The results, with profit and sales ahead of analysts' expectations, come after months of P&G trying to reignite growth in sluggish markets such as the United States while also expanding in emerging markets, where it typically sells lower-priced merchandise.
Back in April 2012, analysts took McDonald to task on a tense conference call after P&G cut its outlook. That summer, Ackman's Pershing Square Capital Management bought the company's shares and began pushing for more change.
Profit has exceeded analysts' expectations every quarter since, helped by new products such as Tide Pods single-dose laundry detergent.
Still, P&G's growth lags that of peers such as Unilever .
P&G's organic sales, which strip out the impact of divestitures and foreign exchange, grew 3 percent in the latest quarter, while Unilever posted 6.9 percent sales growth on Wednesday.
While P&G's "absolute performance still trails peers, the sequential improvement in results seems apparent," said JP Morgan analyst John Faucher.
Organic volume rose in baby and family care; fabric and home care; and in health care; but was flat in beauty and grooming.
"We believe P&G still has work to do, including in beauty and grooming where volumes were flat," said Stifel Nicolaus analyst Mark Astrachan.

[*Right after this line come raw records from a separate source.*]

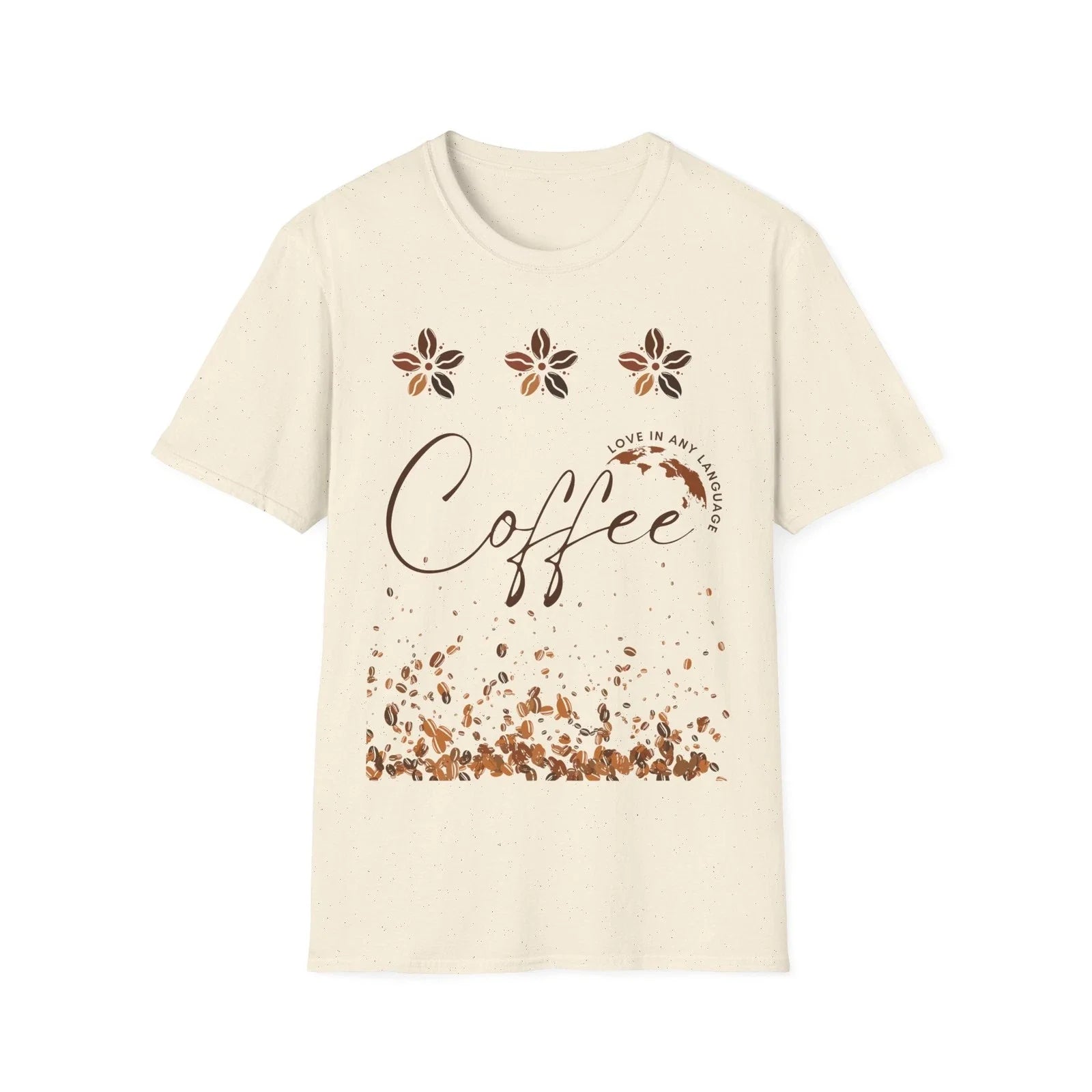 Coffee lover T-Shirt gift for birthday gift for coffee addicts Unisex T-shirt, Sweatshirt, Hoodie, Long Sleeve Tee - T-Shirt, Sweatshirt, Hoodie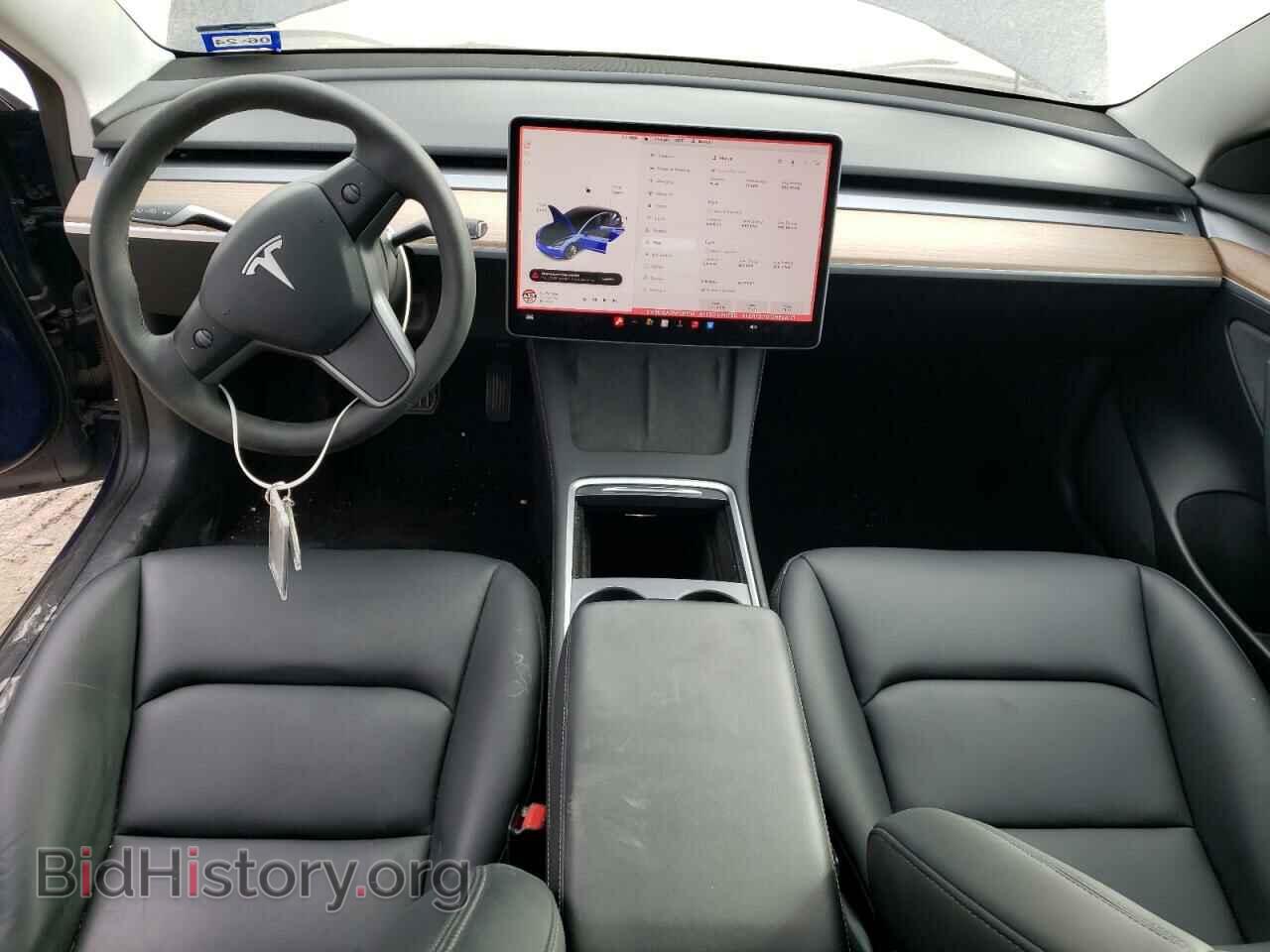 2022 TESLA MODEL 3 - VIN: 5YJ3E1EA0NF291114 - Фото 8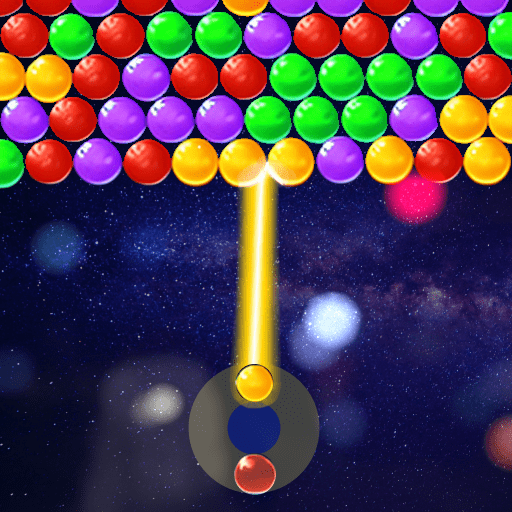 Bubble Shooter Hd Game 🕹️ Play Now on GamePix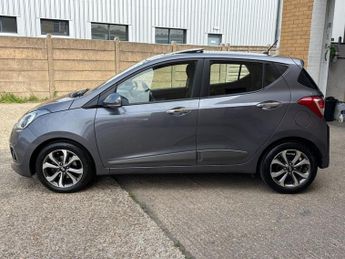 HYUNDAI I10 1.2 Premium SE Hatchback 5dr Petrol Auto Euro 6 (87 ps)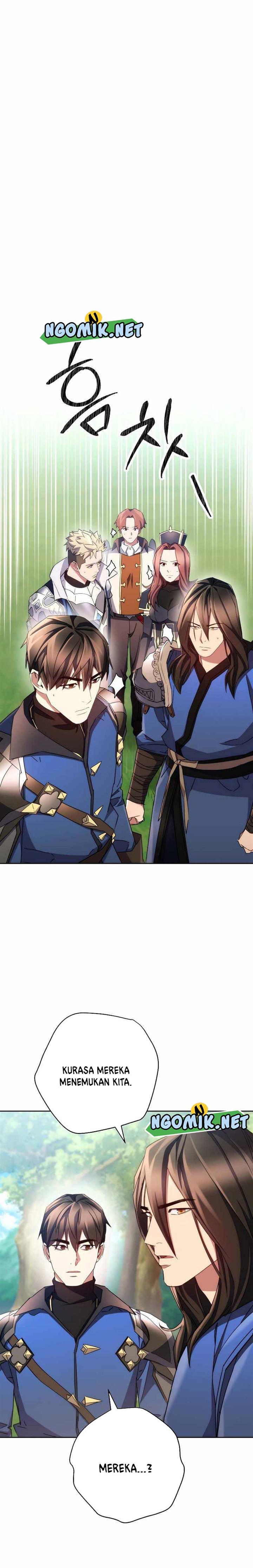 The Live Chap 120 - Next Chap 121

Astrachan said that while the results were "solid and encouraging," particularly the sales growth, P&G continues to lag in categories with strong growth trends, such as beauty.
Meanwhile, rival Kimberly-Clark Corp also posted a better-than-expected profit on Friday.
P&G has been under pressure to improve its performance since Ackman bought a stake of about 1 percent, making his Pershing Square the company's 8th largest shareholder. Ackman has said many of the company's problems were due to top management but said in the fall he understood the board wanted to give McDonald more time to repair years of damage.
Even before Ackman took a stake, P&G was going through a $10 billion restructuring and other changes. It cut 5,500 non-manufacturing jobs through December, near its goal of reducing 5,700 positions by the end of June, Chief Financial Officer Jon Moeller said on Friday.
Competitors Kimberly-Clark Corp and Colgate-Palmolive Co are also trimming their ranks to contend with weak economies in the United States and Western Europe.
P&G earned $4.06 billion, or $1.39 per share, in the fiscal second quarter ended in December, up from $1.69 billion, or 57 cents per share, a year earlier.
Stripping out unusual items such as restructuring charges and acquisitions, P&G earned $1.22 per share. That topped the company's own forecast of $1.07 to $1.13 per share and analysts' average target of $1.11, according to Thomson Reuters I/B/E/S.
Net sales rose 2 percent to $22.18 billion, topping analysts' forecast of $21.91 billion.
P&G expects fiscal 2013 core earnings of $3.97 to $4.07 per share, up from an earlier forecast of $3.80 to $4. The fiscal year ends in June. Analyst estimates were at the bottom of that new range.
It expects organic sales to rise 3 percent to 4 percent this year, narrowing a prior forecast of 2 percent to 4 percent growth.
P&G also said it now plans to repurchase $5 billion to $6 billion in stock after calling for $4 billion to $6 billion in buybacks.
For the current quarter, P&G forecast core earnings per share of 91 cents to 97 cents, with sales up 3 percent to 4 percent. Analysts' average forecast was 95 cents per share.